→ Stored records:
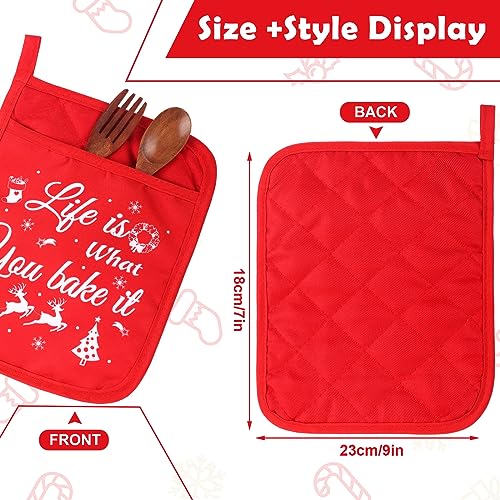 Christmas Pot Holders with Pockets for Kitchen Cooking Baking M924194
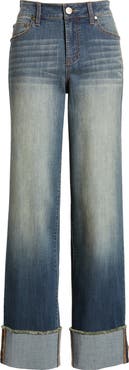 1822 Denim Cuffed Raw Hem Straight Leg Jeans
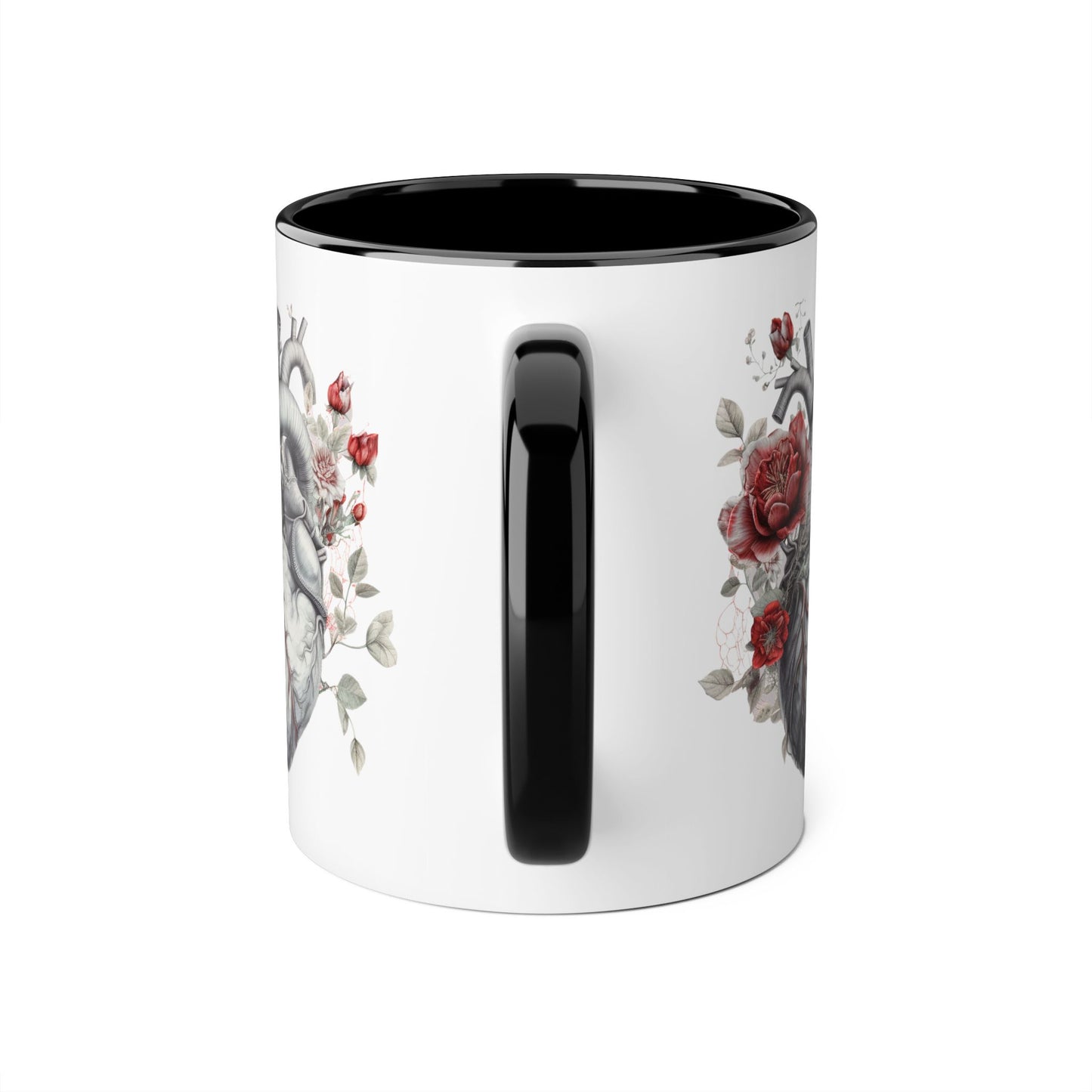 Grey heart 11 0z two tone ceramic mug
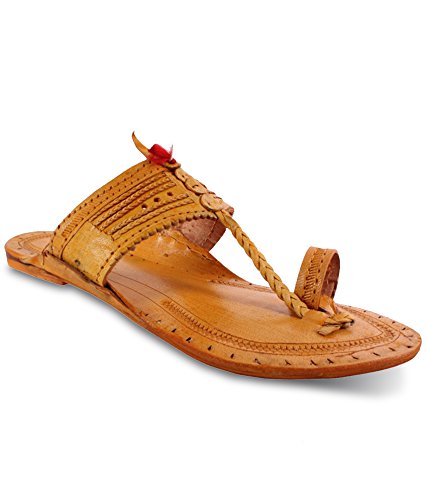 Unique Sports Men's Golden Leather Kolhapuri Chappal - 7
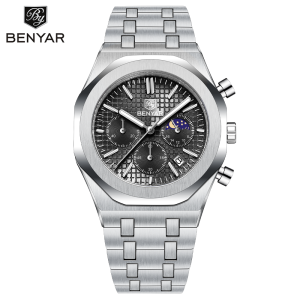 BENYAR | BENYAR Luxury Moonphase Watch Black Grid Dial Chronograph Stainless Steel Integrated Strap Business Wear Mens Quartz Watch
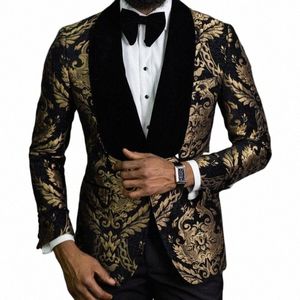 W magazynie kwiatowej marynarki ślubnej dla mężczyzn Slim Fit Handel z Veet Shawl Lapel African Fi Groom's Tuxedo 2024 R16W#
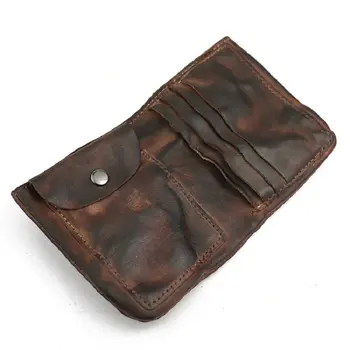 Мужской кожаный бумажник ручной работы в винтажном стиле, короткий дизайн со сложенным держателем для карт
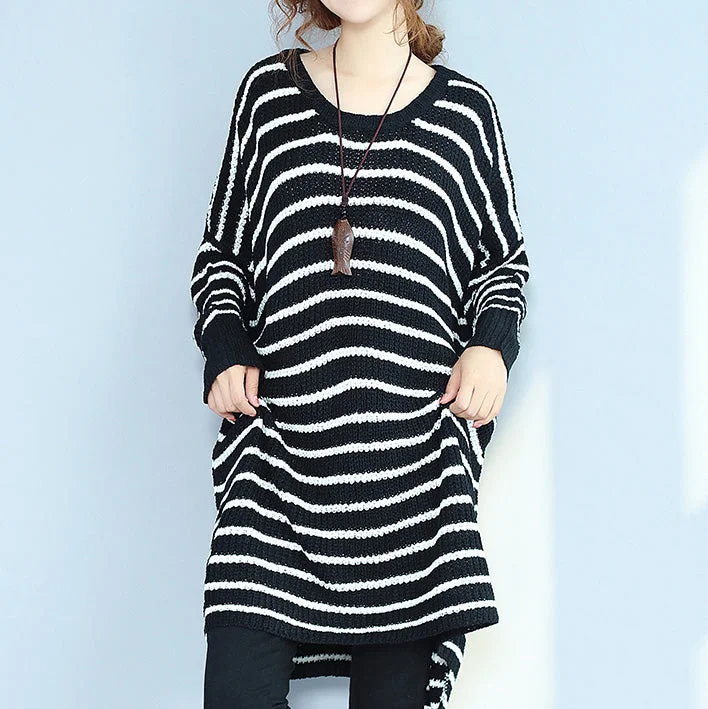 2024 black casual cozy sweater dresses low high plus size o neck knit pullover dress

→ AIM OF THE TASK: All lines from the one holding "Мужской кожаный бумажник" through the last line of the records need to be copied exactly, both ends included, and the pictures left behind.

→ RESULT FOR THIS TASK:
 Мужской кожаный бумажник ручной работы в винтажном стиле, короткий дизайн со сложенным держателем для карт
 2024 black casual cozy sweater dresses low high plus size o neck knit pullover dress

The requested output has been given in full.